Williams grinds through start without slider

Hurdle impressed by right-hander's 5 2/3 innings against Phillies

Williams grinds through start without slider

PITTSBURGH -- Trevor Williams didn't have his slider for much of Friday night. How did he know? "It didn't slide," he said. Without his best swing-and-miss offspeed pitch, Williams set out to make the most of what he had by forcing the Phillies to put the ball in play.

But Williams fell victim to the often random nature of batted balls, allowing three runs over 5 2/3 innings in the Pirates' 7-2 loss to the Phillies at PNC Park. Pittsburgh only mustered three hits on the night, none of them between the first and ninth innings, so Williams was dealt his third loss of the season.

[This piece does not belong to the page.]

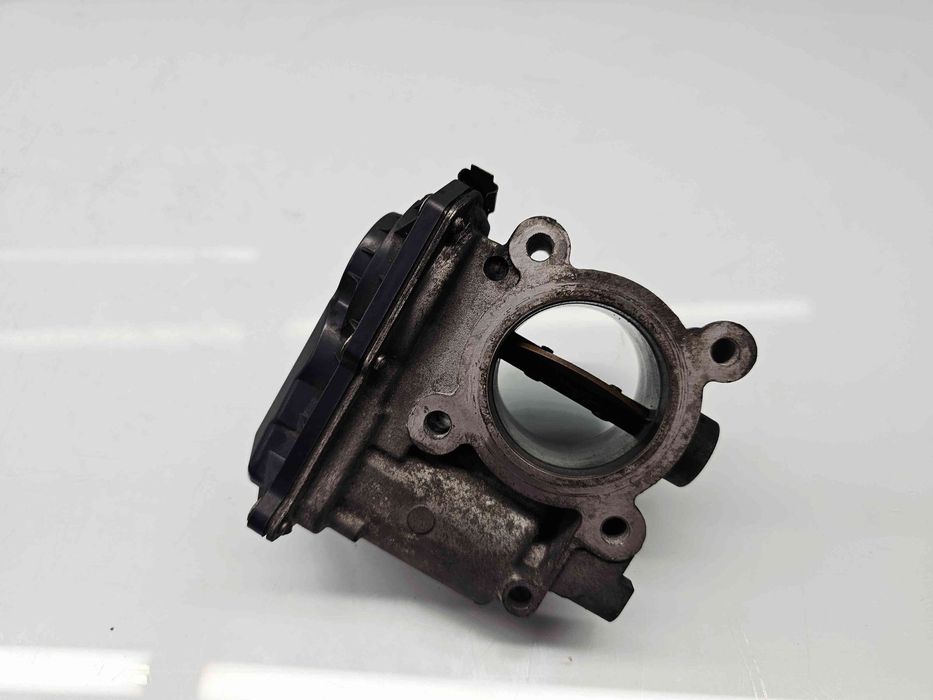 Clapeta acceleratie Nissan Navara (D40) [Fabr 2005-2014] 16119 EC00A 2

"It's just one of those days you have to go out there and know what you have, not try to do too much," Williams said. "Kind of take a step back and say, 'You know, this is what I have today and I'm going to give the best of what I've got today.'"

Williams didn't record a strikeout in his third start of the season. But he was not hit hard. Three of Philadelphia's four hardest pieces of contact were groundouts, and the other was a sacrifice fly. The Phillies' average exit velocity against Williams was 78 mph, according to Statcast™, below the league-average mark of 86.9 mph.

But Williams clearly didn't have his slider. He threw only 11, and five were put in play. He had to lean on his four-seam fastball, sinker and changeup, looking for early contact and groundouts.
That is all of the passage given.